Torcedores haitianos e observadores de direitos culturais apontam que a camisa, tal como desenhada, não apoia partidos, líderes contemporâneos ou causas eleitorais. Representa um episódio de 1803, reconhecido por historiadores e livros escolares. O incômodo nasce da leitura de que, mesmo quando o Haiti recorre ao passado para afirmar sua existência, encontra limites impostos por uma organização internacional sediada em Zurique, que precisa aplicar um mesmo conjunto de normas para 48 seleções.
Regras da Fifa, mercado global e próximos capítulos
A repercussão atinge não só a federação haitiana, mas também o mercado de material esportivo. A Saeta, que disputa espaço com gigantes do setor, aposta na narrativa nacional para diferenciar seus produtos em um ambiente dominado por contratos bilionários. A necessidade de alterar o uniforme às vésperas da Copa mexe com estoques, campanhas de marketing e acordos comerciais. Em um Mundial que deve movimentar bilhões de dólares em patrocínios e vendas, qualquer sinal de descumprimento de regra gera reação rápida de patrocinadores e organizadores.
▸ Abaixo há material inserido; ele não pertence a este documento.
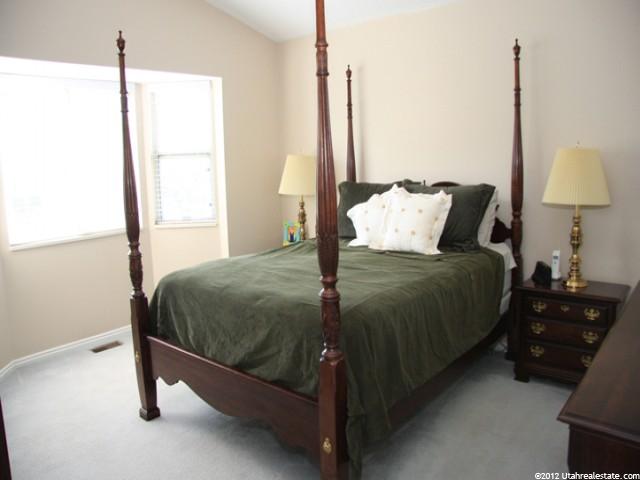 1128 E Pear Tree Dr, Sandy, UT 84094 — photo 9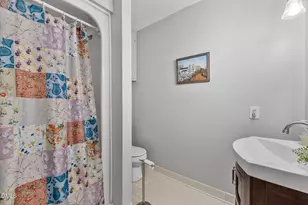 3838 Longleaf Dr NE, Elm City, NC 27822 - Photo 22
O episódio funciona também como alerta para outras seleções que pretendem usar camisas com forte carga histórica ou social. Projetos que hoje estão em fase de conceito podem acabar revistos ainda no computador, antes de chegarem à tecelagem. Designers e federações tendem a atuar com mais cautela, revisando cada elemento gráfico sob o prisma das normas da Fifa, que serão observadas de perto até o apito final da Copa de 2026. O espaço para experimentação visual diminui à medida que o risco de sanções aumenta.
A seleção do Haiti, por sua vez, tenta equilibrar a preservação da memória com o cumprimento das regras. A federação não detalha qual será o novo desenho, nem informa se manterá, de algum modo, referências discretas à Batalha de Vertières. O desafio é encontrar uma solução que não frustre torcedores, respeite o investimento já feito na coleção e, ao mesmo tempo, seja validada pela Fifa em tempo hábil para o início dos jogos.
O caso permanece aberto. A Saeta não revela quais elementos precisos serão removidos ou suavizados, e a Fifa evita comentar publicamente processos internos de aprovação de uniformes. Quando a bola rolar, a nova camisa do Haiti estará em campo, mas a discussão sobre até onde vai o poder de uma entidade esportiva para moldar a forma como um país conta sua própria história não deve terminar com o apito final da Copa de 2026.